=== Section Start ===

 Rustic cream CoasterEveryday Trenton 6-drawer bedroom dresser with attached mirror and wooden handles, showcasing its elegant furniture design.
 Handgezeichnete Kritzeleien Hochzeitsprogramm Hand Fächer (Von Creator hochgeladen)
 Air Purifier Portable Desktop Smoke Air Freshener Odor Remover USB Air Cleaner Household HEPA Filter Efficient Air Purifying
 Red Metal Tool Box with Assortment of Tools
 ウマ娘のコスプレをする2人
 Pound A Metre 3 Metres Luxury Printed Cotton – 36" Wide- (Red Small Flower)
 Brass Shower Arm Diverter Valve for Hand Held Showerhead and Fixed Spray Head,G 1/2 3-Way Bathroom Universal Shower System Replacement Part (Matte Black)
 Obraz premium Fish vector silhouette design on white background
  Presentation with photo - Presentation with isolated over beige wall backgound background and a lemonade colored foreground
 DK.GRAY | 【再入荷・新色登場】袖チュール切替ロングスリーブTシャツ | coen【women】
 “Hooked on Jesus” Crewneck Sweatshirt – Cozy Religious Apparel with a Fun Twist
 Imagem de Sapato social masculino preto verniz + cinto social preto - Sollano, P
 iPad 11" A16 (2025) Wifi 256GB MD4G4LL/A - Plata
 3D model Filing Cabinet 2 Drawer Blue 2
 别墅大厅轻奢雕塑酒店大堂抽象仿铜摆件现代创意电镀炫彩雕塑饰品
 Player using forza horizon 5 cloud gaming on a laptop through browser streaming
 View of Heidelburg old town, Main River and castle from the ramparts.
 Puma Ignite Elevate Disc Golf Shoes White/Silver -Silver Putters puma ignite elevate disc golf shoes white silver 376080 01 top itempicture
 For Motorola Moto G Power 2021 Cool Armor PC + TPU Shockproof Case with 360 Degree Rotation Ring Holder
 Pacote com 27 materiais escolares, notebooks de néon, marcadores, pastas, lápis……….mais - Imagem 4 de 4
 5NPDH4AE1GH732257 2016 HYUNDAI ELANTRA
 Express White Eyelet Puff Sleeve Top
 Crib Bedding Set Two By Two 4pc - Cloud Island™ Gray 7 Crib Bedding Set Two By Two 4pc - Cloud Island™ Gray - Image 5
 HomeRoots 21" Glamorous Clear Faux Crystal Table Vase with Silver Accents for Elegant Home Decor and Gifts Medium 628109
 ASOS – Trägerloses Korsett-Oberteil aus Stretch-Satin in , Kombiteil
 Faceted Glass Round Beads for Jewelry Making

=== Section End ===

Could you repeat every record above exactly as it stands?

 Rustic cream CoasterEveryday Trenton 6-drawer bedroom dresser with attached mirror and wooden handles, showcasing its elegant furniture design.
 Handgezeichnete Kritzeleien Hochzeitsprogramm Hand Fächer (Von Creator hochgeladen)
 Air Purifier Portable Desktop Smoke Air Freshener Odor Remover USB Air Cleaner Household HEPA Filter Efficient Air Purifying
 Red Metal Tool Box with Assortment of Tools
 ウマ娘のコスプレをする2人
 Pound A Metre 3 Metres Luxury Printed Cotton – 36" Wide- (Red Small Flower)
 Brass Shower Arm Diverter Valve for Hand Held Showerhead and Fixed Spray Head,G 1/2 3-Way Bathroom Universal Shower System Replacement Part (Matte Black)
 Obraz premium Fish vector silhouette design on white background
  Presentation with photo - Presentation with isolated over beige wall backgound background and a lemonade colored foreground
 DK.GRAY | 【再入荷・新色登場】袖チュール切替ロングスリーブTシャツ | coen【women】
 “Hooked on Jesus” Crewneck Sweatshirt – Cozy Religious Apparel with a Fun Twist
 Imagem de Sapato social masculino preto verniz + cinto social preto - Sollano, P
 iPad 11" A16 (2025) Wifi 256GB MD4G4LL/A - Plata
 3D model Filing Cabinet 2 Drawer Blue 2
 别墅大厅轻奢雕塑酒店大堂抽象仿铜摆件现代创意电镀炫彩雕塑饰品
 Player using forza horizon 5 cloud gaming on a laptop through browser streaming
 View of Heidelburg old town, Main River and castle from the ramparts.
 Puma Ignite Elevate Disc Golf Shoes White/Silver -Silver Putters puma ignite elevate disc golf shoes white silver 376080 01 top itempicture
 For Motorola Moto G Power 2021 Cool Armor PC + TPU Shockproof Case with 360 Degree Rotation Ring Holder
 Pacote com 27 materiais escolares, notebooks de néon, marcadores, pastas, lápis……….mais - Imagem 4 de 4
 5NPDH4AE1GH732257 2016 HYUNDAI ELANTRA
 Express White Eyelet Puff Sleeve Top
 Crib Bedding Set Two By Two 4pc - Cloud Island™ Gray 7 Crib Bedding Set Two By Two 4pc - Cloud Island™ Gray - Image 5
 HomeRoots 21" Glamorous Clear Faux Crystal Table Vase with Silver Accents for Elegant Home Decor and Gifts Medium 628109
 ASOS – Trägerloses Korsett-Oberteil aus Stretch-Satin in , Kombiteil
 Faceted Glass Round Beads for Jewelry Making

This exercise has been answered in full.